Choir based in Ontario, Canada

The Bach-Elgar Choir is a community chorus of long standing in Hamilton, Ontario, currently directed by Alexander Cann. The Choir is composed of accomplished amateur singers from Hamilton and the neighbouring cities of Burlington, Oakville, Mississauga and Simcoe. Notable performances by the ensemble include the North American première of Verdi's Requiem and the Canadian premieres of Górecki's Miserere and Mahler's Symphony No. 2 (the Resurrection). The choir has performed at Roy Thomson Hall in Toronto, The Sanderson Centre in Brantford (with the Buffalo Philharmonic Orchestra), and at the Brott Music Festival in Hamilton. The choir makes frequent guest appearances with the Hamilton Philharmonic Orchestra.

==History==
The Bach-Elgar Choir was founded by Bruce Carey in 1905 under the name the Elgar Choir. The choir was subsequently conducted by G. Roy Fenwick, W. H. Hewlett, and Edward Stewart. The choir disbanded for a few years during World War II, and reformed in 1947, joining with another disbanded amateur chorus, the Bach Choir (founded 1931 by Graham Godfrey), to form the renamed Bach-Elgar Choir. The Bach-Elgar Choir made its debut in 1947 in Handel's Messiah under Charles Peaker at Hamilton's Centenary United Church.

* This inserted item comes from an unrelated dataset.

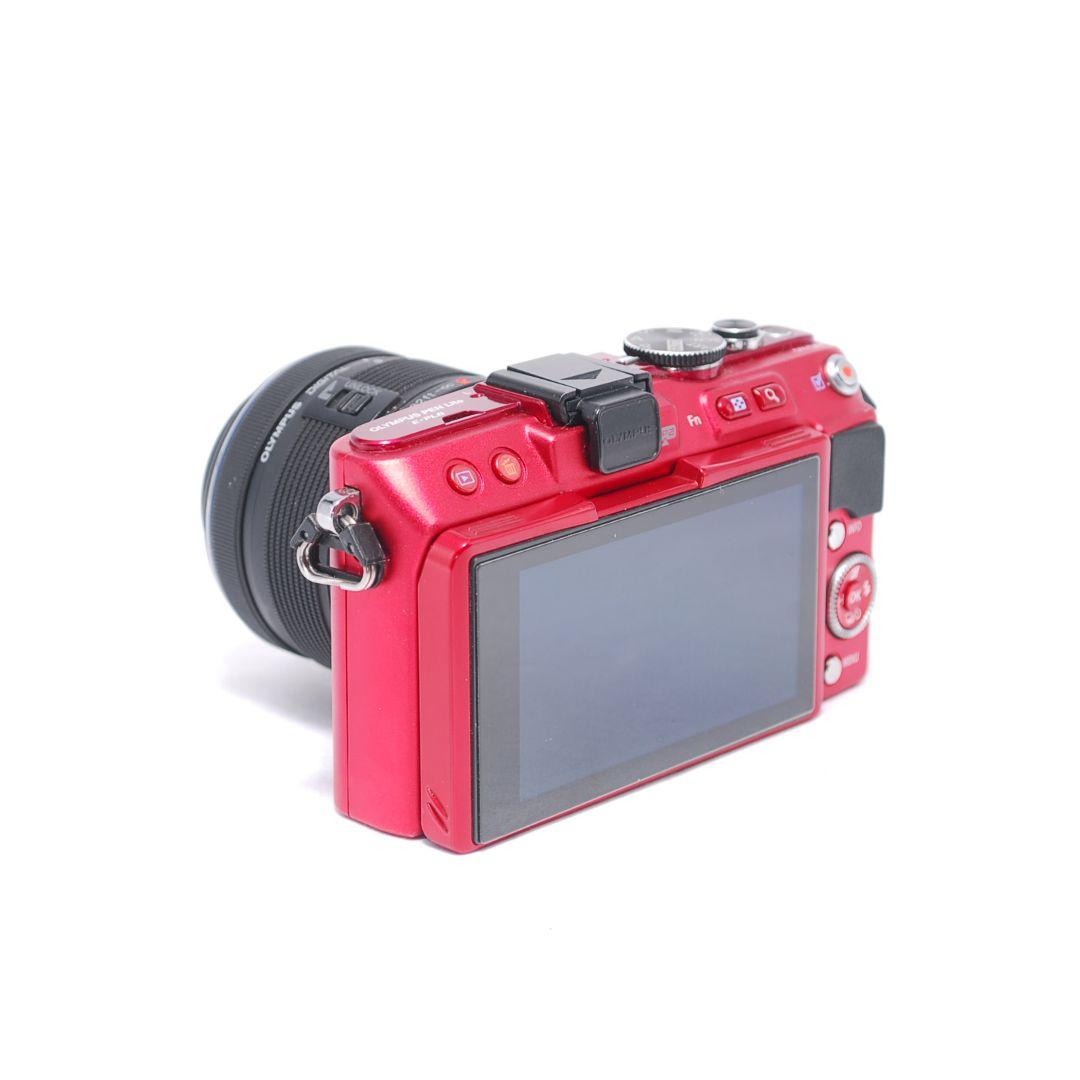 ❤即購入1000円OFF❤OLYMPUS PEN E-PL6 REDレンズキット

The choir began by presenting a subscription series of three to four concerts per year at Centenary United Church. Cyril Hampshire conducted the choir from 1948 to 1955, John Sidgwick from 1955 to 1960, Frank Thorolfson from 1960 to 1962, and Charles Wilson from 1962 to 1974. The concert series was moved to Central Presbyterian Church during the 1960s. In 1969 Wilson founded a 36-voice subsidiary choir, the Bach Elgar Chamber Singers; they performed small concerts in Hamilton and southern Ontario for a number of years.

During the 1970s and 1980s, the choir continued its concert series at Christ's Church Cathedral, with Donald Kendrick conducting from 1974 to 1978 and from 1981 to 1983, Philip David Morehead from 1978 to 1980, and Denise Narcisse-Mair from 1980 to 1981.

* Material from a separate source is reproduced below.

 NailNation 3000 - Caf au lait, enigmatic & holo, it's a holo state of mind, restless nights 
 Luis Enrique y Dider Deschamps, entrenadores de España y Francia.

In 1981, the Bach Elgar Children's Chorus was founded.

The choir continued under Gerald Fagan from 1983 to 1984. By 1986, the choir had 95 members. Wayne Strongman conducted the choir from 1984 to 1997; in the 1990s, concerts were performed at Toronto's Rosedale United Church, and at Hamilton Place (now FirstOntario Concert Hall), where it has been a resident ensemble since 1975. Philip Sarabura became conductor in 1998, and Ian Sadler from 2000 to 2005. Concerts have been held at Melrose United Church since 2006. Howard Dyck was artistic director from 2006 to 2010, and Alexander Cann has been the artistic director since 2010.

In 2018, the choir presented a series of concerts with the best-known songs from Gilbert and Sullivan operettas.

Since then, the choir presented Fritz Lang's 1927 film Metropolis, with an invented choral soundtrack, and Space Journey, a live choral work, including Vierne’s Messe solennelle accompanying Mark Bochsler‘s film of high-resolution imagery of the Solar System and beyond from the Voyager space probes and James Webb Space Telescope.

The 2024-25 season includes Alexander's Feast, by Handel; Handel's Messiah; and The Trial of Gilbert and Sullivan, scenes from Gilbert & Sullivan's satire, Trial by Jury.